Das IKVI betont, dass der Feind der Arbeiter und Jugendlichen in Israel nicht die Palästinenser sind, sondern die Netanjahu-Regierung und die herrschende Klasse Israels:

Die gegenwärtige Situation ist von einem großen historischen und politischen Widerspruch geprägt: Die israelische Arbeiterklasse kann ihre eigenen demokratischen Rechte nicht verteidigen, ohne für die demokratischen Rechte der palästinensischen Bevölkerung gegen die zionistische Unterdrückung zu kämpfen. Und die Palästinenser können ihren Kampf für demokratische Rechte und soziale Gleichheit ohne ein Bündnis mit der israelischen Arbeiterklasse nicht verwirklichen. Die einzige realistische Perspektive ist nicht der Mythos der ,Zweistaatenlösung‘, sondern ein vereinigter sozialistischer Staat jüdischer und arabischer Arbeiter...

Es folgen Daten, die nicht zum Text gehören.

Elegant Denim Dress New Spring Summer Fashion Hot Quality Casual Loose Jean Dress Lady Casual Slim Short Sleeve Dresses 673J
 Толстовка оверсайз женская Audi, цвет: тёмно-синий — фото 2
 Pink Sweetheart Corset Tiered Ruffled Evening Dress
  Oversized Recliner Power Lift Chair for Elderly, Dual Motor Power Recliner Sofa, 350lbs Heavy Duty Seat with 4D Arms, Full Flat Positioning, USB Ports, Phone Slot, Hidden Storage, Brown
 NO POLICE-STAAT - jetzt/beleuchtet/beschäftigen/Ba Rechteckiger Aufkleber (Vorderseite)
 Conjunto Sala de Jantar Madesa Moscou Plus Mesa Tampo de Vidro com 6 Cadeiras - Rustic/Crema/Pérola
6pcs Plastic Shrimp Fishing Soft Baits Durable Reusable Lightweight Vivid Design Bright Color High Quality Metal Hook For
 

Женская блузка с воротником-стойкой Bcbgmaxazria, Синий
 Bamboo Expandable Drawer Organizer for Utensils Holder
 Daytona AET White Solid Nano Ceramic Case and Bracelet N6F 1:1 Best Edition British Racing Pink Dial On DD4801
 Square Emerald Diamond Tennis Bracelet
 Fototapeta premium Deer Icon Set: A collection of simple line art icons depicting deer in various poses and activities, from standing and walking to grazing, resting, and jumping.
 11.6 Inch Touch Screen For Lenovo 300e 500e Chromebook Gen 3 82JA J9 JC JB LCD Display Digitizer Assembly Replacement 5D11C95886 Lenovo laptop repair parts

Der Aufstand in Palästina ist Teil der Wut und Welle des Widerstands, die sich in Massenstreiks und Protesten auf der ganzen Welt Bahn bricht. Diese soziale Bewegung muss ausgeweitet und von einem bewussten sozialistischen und revolutionären Programm geleitet werden, um den imperialistischen Krieg zu stoppen und der Ungleichheit und allen Formen der Unterdrückung ein Ende zu setzen. Das ist die Perspektive und das Programm der trotzkistischen Vierten Internationale unter der Führung des Internationalen Komitees.